In terms of code rate $R = r_b/r_s = k/n$ for some block code $(n,k)$:
Baseband: $R < C = \frac{1}{2} \log_2\left( 1 + \frac{S}{N} \right)$
Passband: $R < C = \log_2\left( 1 + \frac{S}{N} \right)$
In terms of info rate $r_b$ bits per second and comms bandwidth B Hertz, both passband and baseband:
$$
r_b < C^* = r_s C = B \log_2\left( 1 + \frac{S}{N} \right)
= B \log_2\left( 1 + \frac{Eb}{N_0} \frac{r_b}{B} \right)
$$
Limit as $B$ tends to $\infty$
$$
\lim_{B \to \infty} C^* = \log_2 \exp \left( \frac{r_b E_b}{N_0} \right)
= \frac{1}{\log(2)} \frac{r_b E_b}{N_0}
$$
So
$$
\begin{split}
r_b &< \frac{1}{\log(2)} \frac{r_b E_b}{N_0} \\
\log(2) < \frac{E_b}{N_0}
\end{split}
$$
Probability that a normal random variable will exceed $x$ standard deviations above the mean. $$ Q(x) = \frac{1}{2} \erfc{ \left( \frac{x}{\sqrt{2}} \right)} $$
In general $P_e = Q\left(\sqrt{ \frac{S}{N}}\right)$
Baseband signalling: $P_e = Q\left(\sqrt{ \frac{2 E_s}{N_0}}\right)$
Passband, coherent BPSK: The received signal has $S/N =E_s/N_0$ in a bandwidth $B$ equal to the symbol rate $r_s$. After quadrature decomposition, the noise power $N_0$ is split equally between the in-phase and quadrature components so the noise density in each component is $N_0/2$. After rotation to allow for the reference phase, all the signal power is in one channel so the S/N seen by the decoder is $2E_s/N_0$ and the symbol error rate $P_e$ is therefore the same as for baseband signalling.
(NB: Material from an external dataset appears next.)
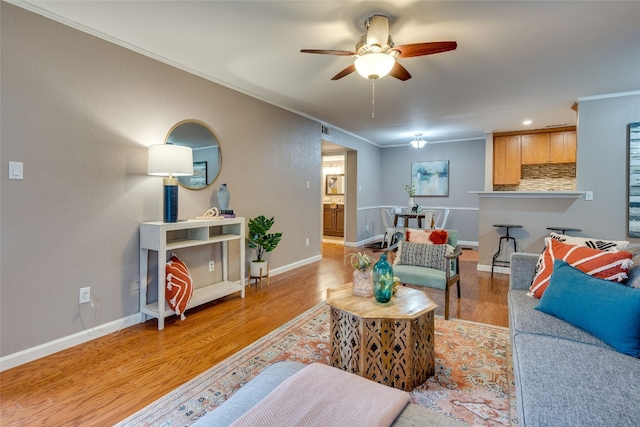 living room with ornamental molding, light wood-type flooring, and ceiling fan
Non-coherent BPSK: $P_e = \frac{1}{2} \exp\left(-\frac{E_s}{N_0}\right)$
Orthogonal coherent FSK: $P_e = Q\left(\sqrt{ \frac{E_s}{N_0}}\right)$
Non-coherent orthogonal FSK: $P_e = \frac{1}{2} \exp\left(-\frac{E_s}{2N_0}\right)$
I show the use of cross correlation (inner product) to implement the Euclidean distance metric in the codebook search.
Consider a noisy received word: an array of $n$ symbol amplitudes, $x[1] \dots x[n]$.
The decoder is going to compare $x[]$ with a codeword defined by an array
of $n$ amplitudes $A[1] \dots A[n]$ of values +1, -1.
The squared Euclidean distance between received word and codeword is just Pythagoras in $n$ dimensions: $$ d^2 = \sum_{i=1}^{n} (x[i] - A[i])^2 $$ which multiplies out to $$ d^2 = \sum_{i=1}^{n} x[i]^2 + \sum_{i=1}^{n} A[i]^2 - \sum_{i=1}^{n} x[i]A[i] $$ The first term is the total energy of the received word, the second term is the total energy of the codeword, and the third term is the inner product of the received word and codeword. When the decoder comes to look for the smallest $d^2$ of all the codewords, the first term can be dropped since it is constant. Similarly the second term can be dropped - the $A[i]$ all have values +1 or -1 so all the codewords have the same total energy $n$: $$ \sum_{i=1}^{n} A[i]^2 = n $$ It is the remaining term, the inner product, which the decoder bases its decision on. The decoder will choose the codeword with the maximum value of $$ \sum_{i=1}^{n} x[i]A[i] $$ Note that we don't have to scale the received amplitude to any particular signal value by adjusting the gain.